The album’s success hinges on Akrobatik’s verbal skills though, and he’s not lacking. It’s not surprising given that his label is Coup D’Etat Entertainment, known for being home to verbalists from the profound J-Live to the obscure MC Paul Barman. Akrobatik seems to have found his niche in this roster, and can indulge in a true “balance” of rap styles from the serious to just plain silly. Ak seems convinced there’s not enough fun in rap, and though “Bone Crusher” might seem a macabre title the concept makes perfect sense when you hear his rap:
“And when I’m not exactly sure what I wanna do next
I simply throw on that old school joint from Das EFX
— My thigh bone’s connected to my, hip bone!
— My hip bone’s connected to my huh, hardy har har har!

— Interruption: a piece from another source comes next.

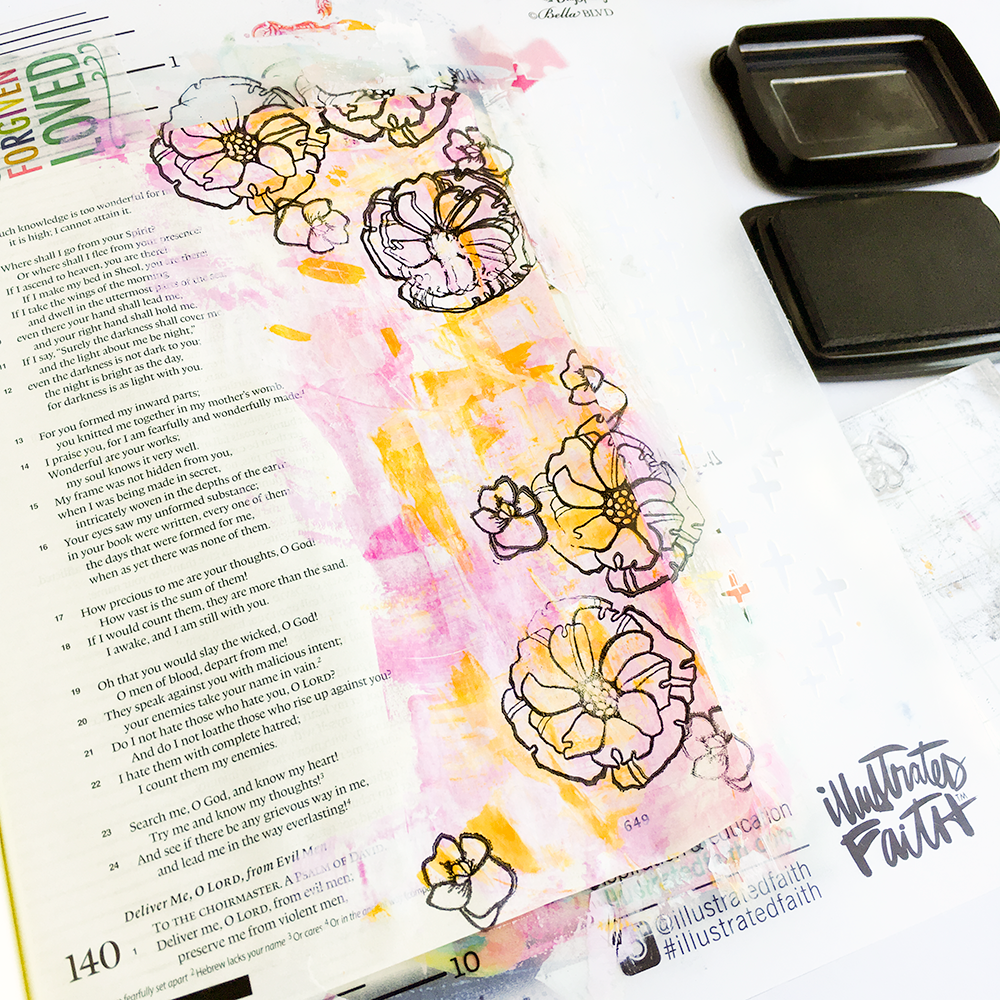 mixed media bible journaling tutorial painterly layers by Heather Greenwood | Illustrated Faith Free to Flourish Devotional - Free From Insecurity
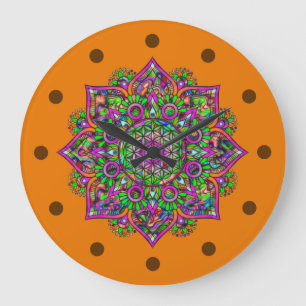 Relógio Grande Flor Da Vida - Índia Mandala 1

I laugh cause breakin your funny bone is humerous
Too many injuries to count, they mad numerous
Snap your jaw with the mandible claw
Now you feel the pain victims of Hannibal saw!
Yo you better keep your platinum in the baller zone
You can’t hold the weight of that medallion with a broken collar bone”
With scratched in samples of Jeru the Damaja and Mobb Deep’s pugilistic “stab your brain with your nose bone,” the package on the song is complete. For that matter, so is this album. Old school heads might be pleased by the samples of Dres and Q-Tip on the song “Woman II,” but new school heads will be just as pleased by the beat and Ak’s snaps like “Honey had more curves than the interstate highway.” That’s the reason Akrobatik lives up to his motto of “Balance” – his rap songs have a broad appeal that should give anybody from backpackers to Fabolous fans reason to appreciate his album. Even wrestling fans will be pleased, as Akrobatik proves that “WWF Aggression” and “Def Jam Vendetta” are no fluke with his words on the appropiately titled “Always Bet On Ak.” Clearly, hip-hoppers love grappling:
“Who ever thought this young brother from Dorcester
Would come to be ‘The Next Big Thing’ like Brock Lesnar?
I’ve been compared to a F5 tornado
Don’t get it twisted though, on the mic I’m twice as fatal
Akrobatik signifies agility
That’s why I get my legal hustle-on on many levels, you feelin me?
Yo, you catchin a Beatminer beatdown from Walt
So what happens now from this point forward ain’t my fault!
Evil Dee slice y’all since 1993
How many DJ’s must get dissed for y’all to see?
Yo, sleep if you want but just remember this fact
You can always bet on Ak”
And that my friends sums up “Balance” perfectly. If you didn’t already know about this MC, the time for Rip Van Winkle has just come to a close. Lovers of good rap not wanting to own this album would be like lovers of fast cars looking at a Porsche and going, “Nah I don’t want that.” Say WHAT? Of course you want it! The difference is that unlike a Porsche, “Balance” is something people without millions in the bank can afford to own – and will probably bring you more satisfaction to boot. Ak doesn’t hate on those who can afford one though; he just brings “Balance” to rap by making music for the rest of us who like dope beats and rhymes as much as the bling-bling’s shine. Boston’s curse has now officially been lifted.